_What you have to do_: Could you please retype exactly the lines from the start of the records below through the line that contains "X6 5G Чехол", both included, and leave out the pictures?

_Entries shown_:

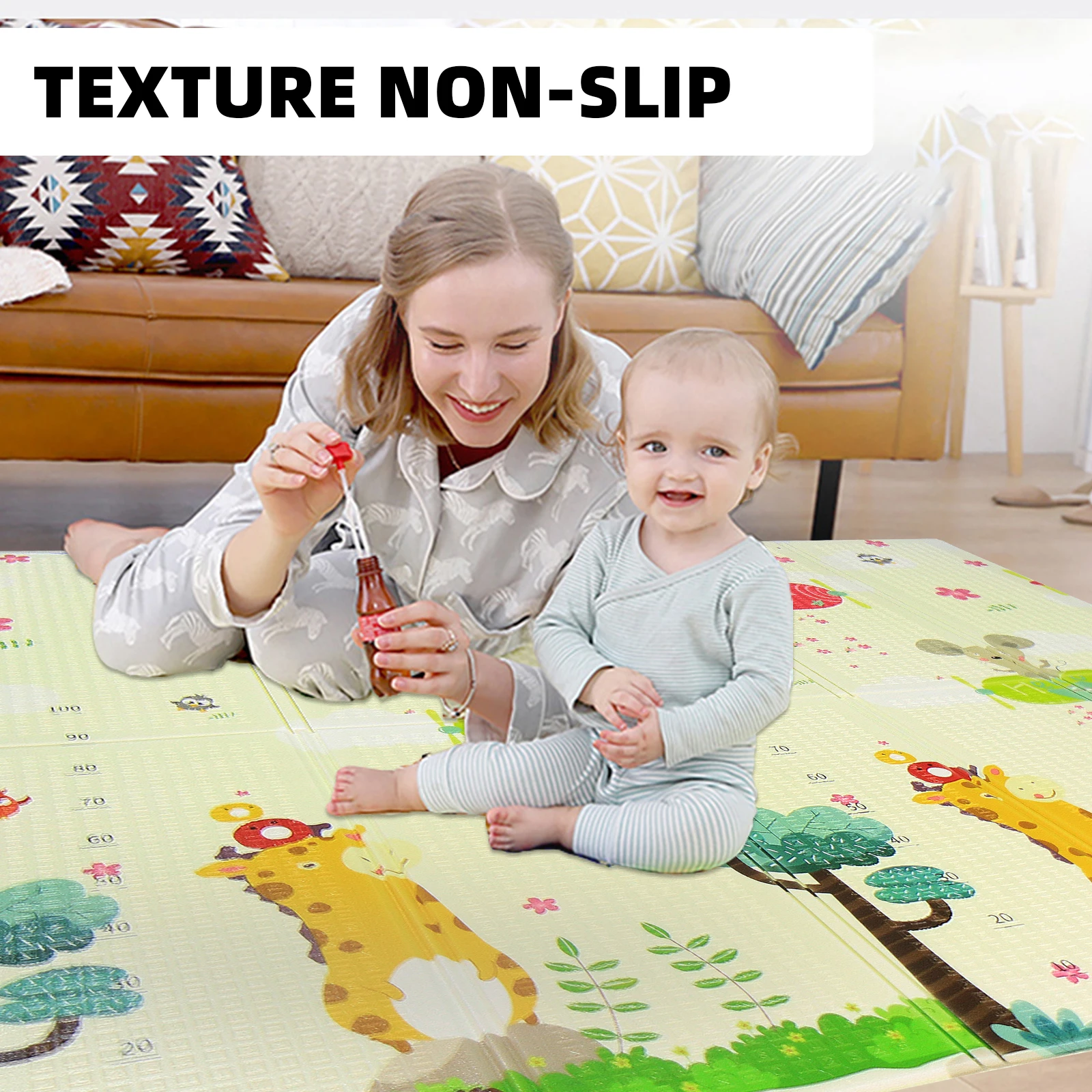 Tummy Time Anti-Slip Baby Crawling Mat XPE Baby Play Mat supplier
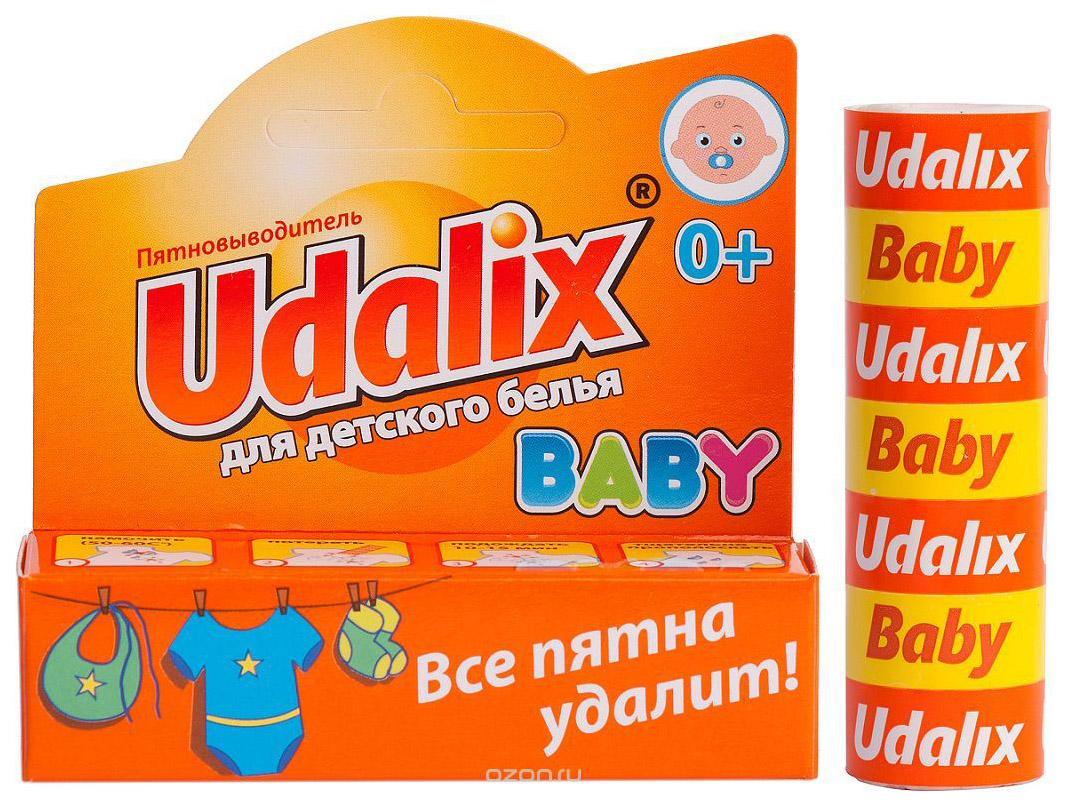 Пятновыводитель-карандаш для детского белья Udalix Baby, 35 г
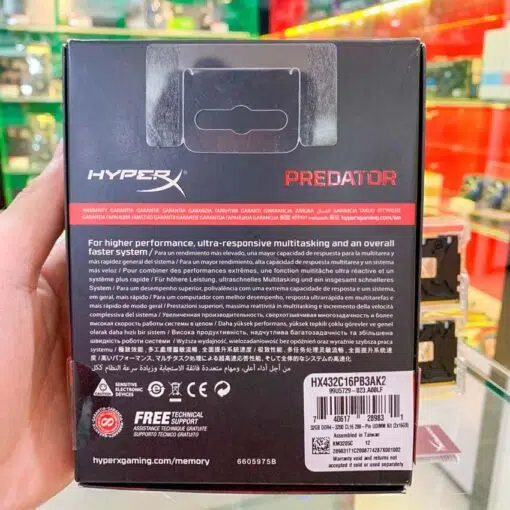 ram 4 kingston hyperx predator rgb 8gb3200mhz.4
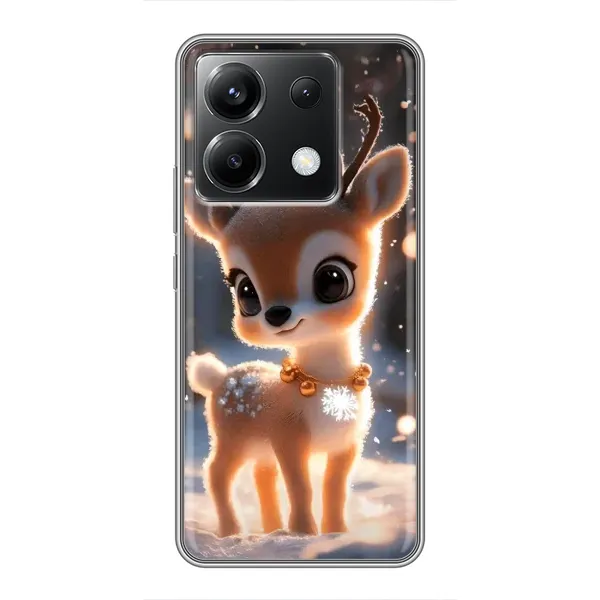 Чехол с принтом «Олененок» для Xiaomi POCO X6 5G Чехол с принтом «Олененок» для Xiaomi POCO X6 5G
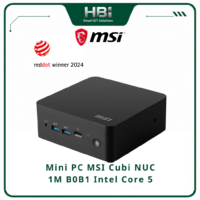 Máy bộ Mini PC MSI Cubi NUC 1M B0B1 Intel Core 5 120U WiFi 6E Bluetooth 5.3 120W Chính Hãng 3 Năm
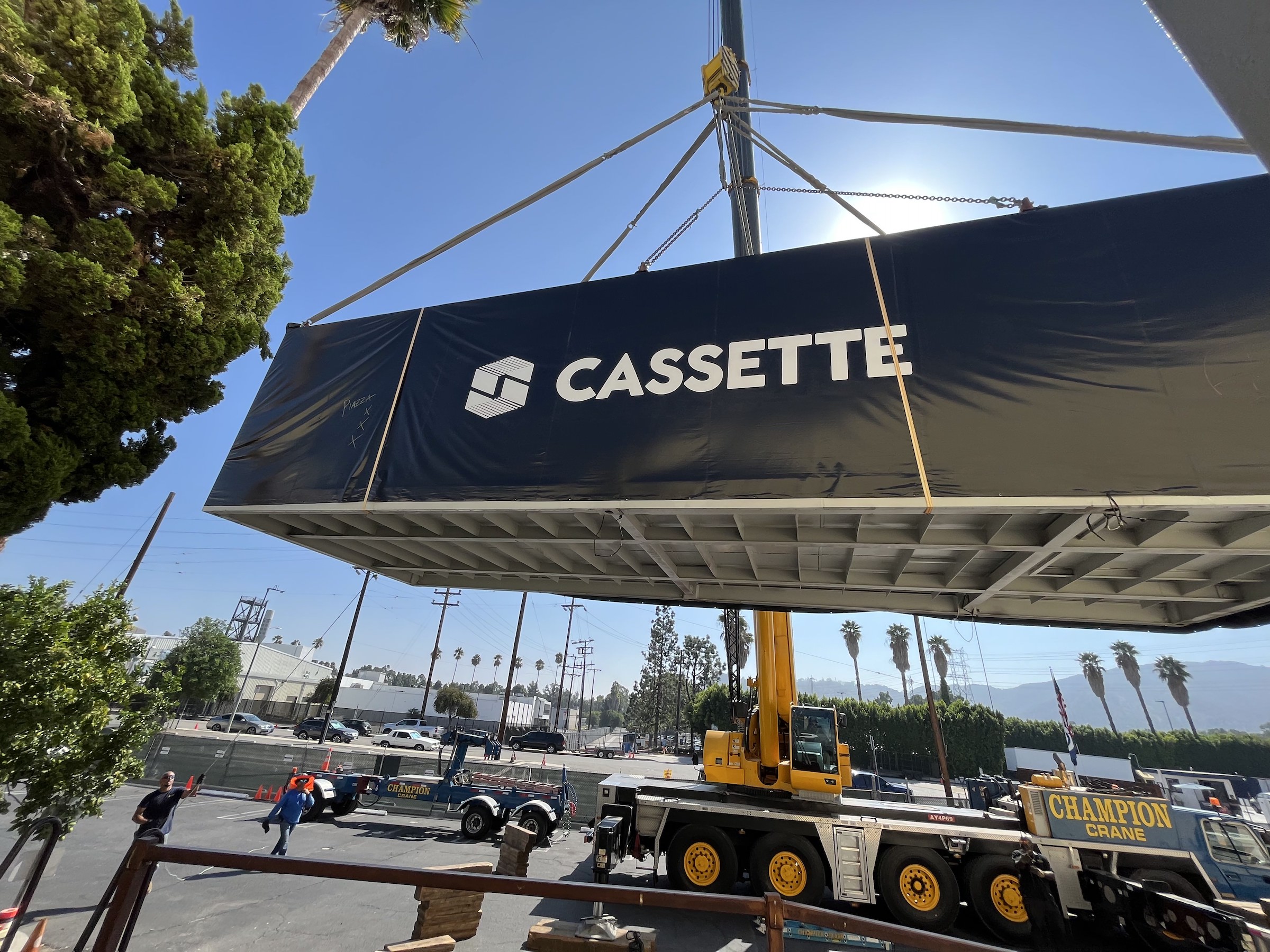 The 600-sf pod is sized to be transported easily, and requires only a modicum of site construction, for which Cassette Systems will use several contractors.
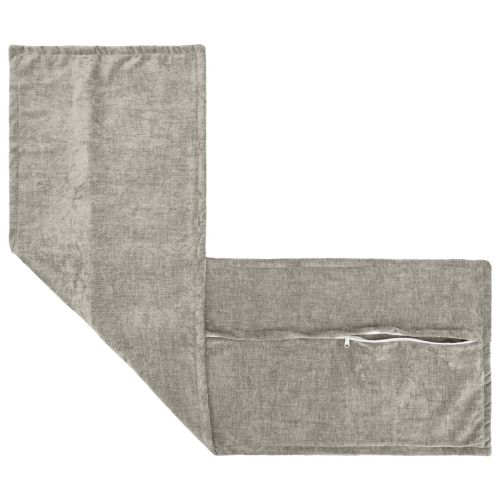 Калъфка за възглавница 2 pcs HOUTEN Светлосиво 40 x 145 см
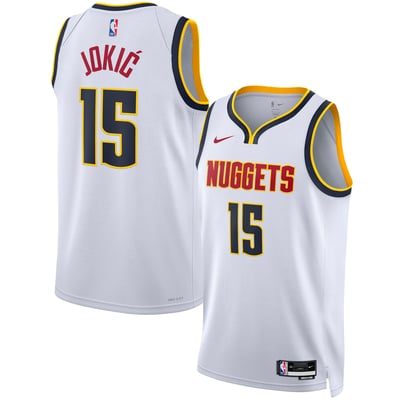 Nikola Jokic Denver Nuggets Nike Unisex Swingman Jersey - Association Edition - White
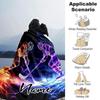 Hockey Players In Cosmic Flames Battle Throw Customize Your Name Comfortable Texture Throw For Sofa Couch Office Bed Picnics For All Occasions Stylish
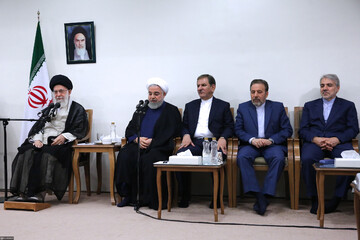 دیدار رئیس‌جمهور و اعضای هیئت دولت با رهبر معظم انقلاب اسلامی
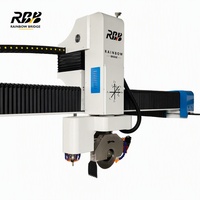 Máquina de Corte de Piedra con Sierra de Puente CNC de 4 Ejes Rainbow HQ-3220BM(4+1) para Cortar Mármol, Granito, Cuarzo y Piedra Sinterizada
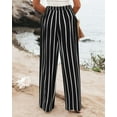 thumbnail image 7 of Mohiass Wide Leg Dress Pants for Women Business Casual Elastic Waist Comfy Work Pants Baggy Lounge Pants Trousers with Pocket Dark Gray 2XL, 7 of 7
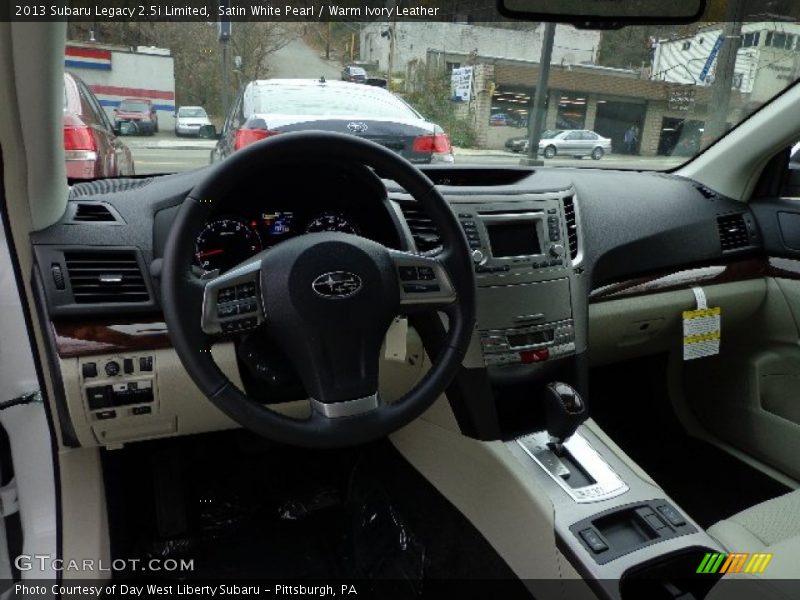 Satin White Pearl / Warm Ivory Leather 2013 Subaru Legacy 2.5i Limited
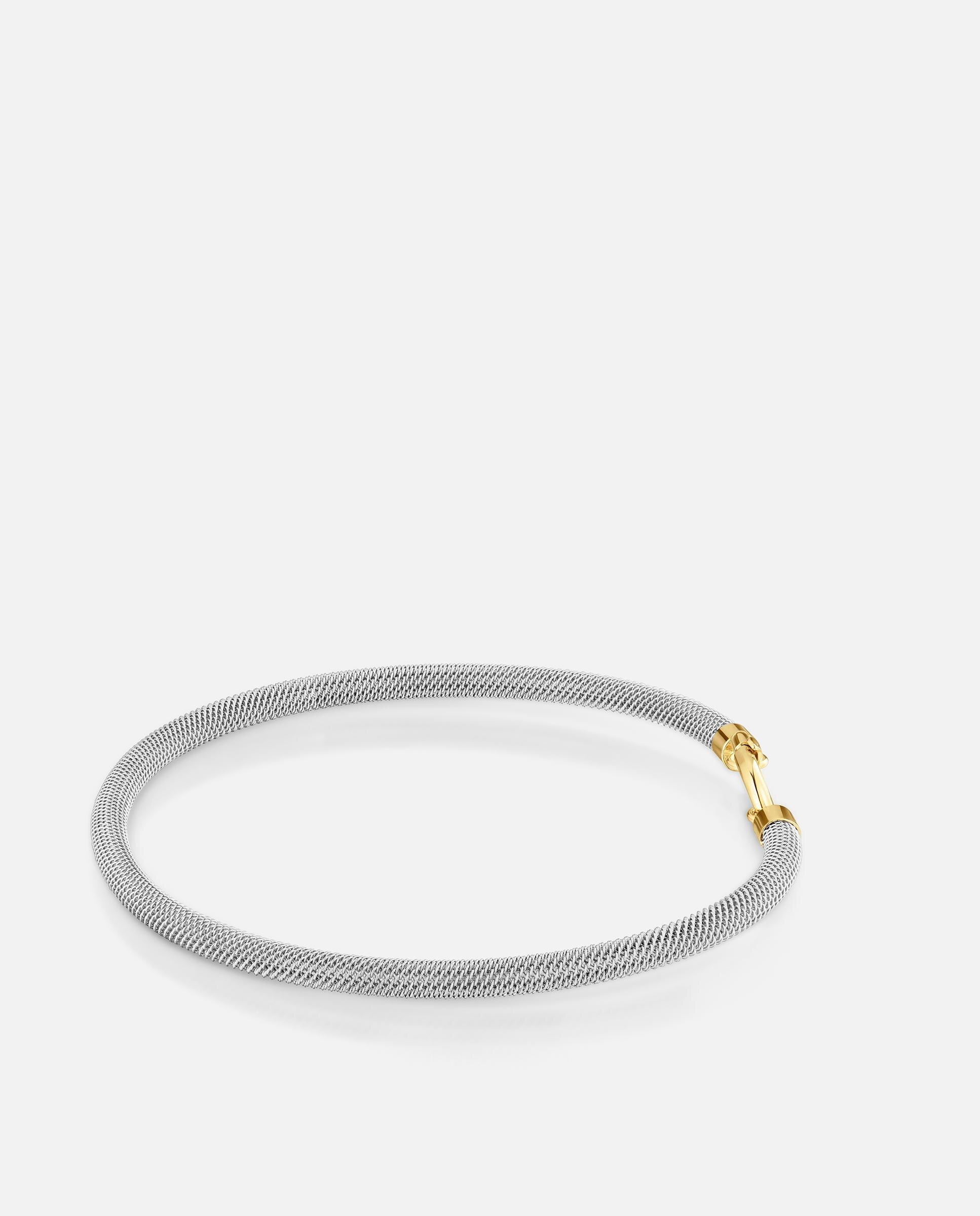 Pulsera rígida esclava unlock de acero y oro 14 kt - Tous - Dorado Dorado-2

_Answer to this problem_:
 Tummy Time Anti-Slip Baby Crawling Mat XPE Baby Play Mat supplier
 Пятновыводитель-карандаш для детского белья Udalix Baby, 35 г
 ram 4 kingston hyperx predator rgb 8gb3200mhz.4
 Чехол с принтом «Олененок» для Xiaomi POCO X6 5G Чехол с принтом «Олененок» для Xiaomi POCO X6 5G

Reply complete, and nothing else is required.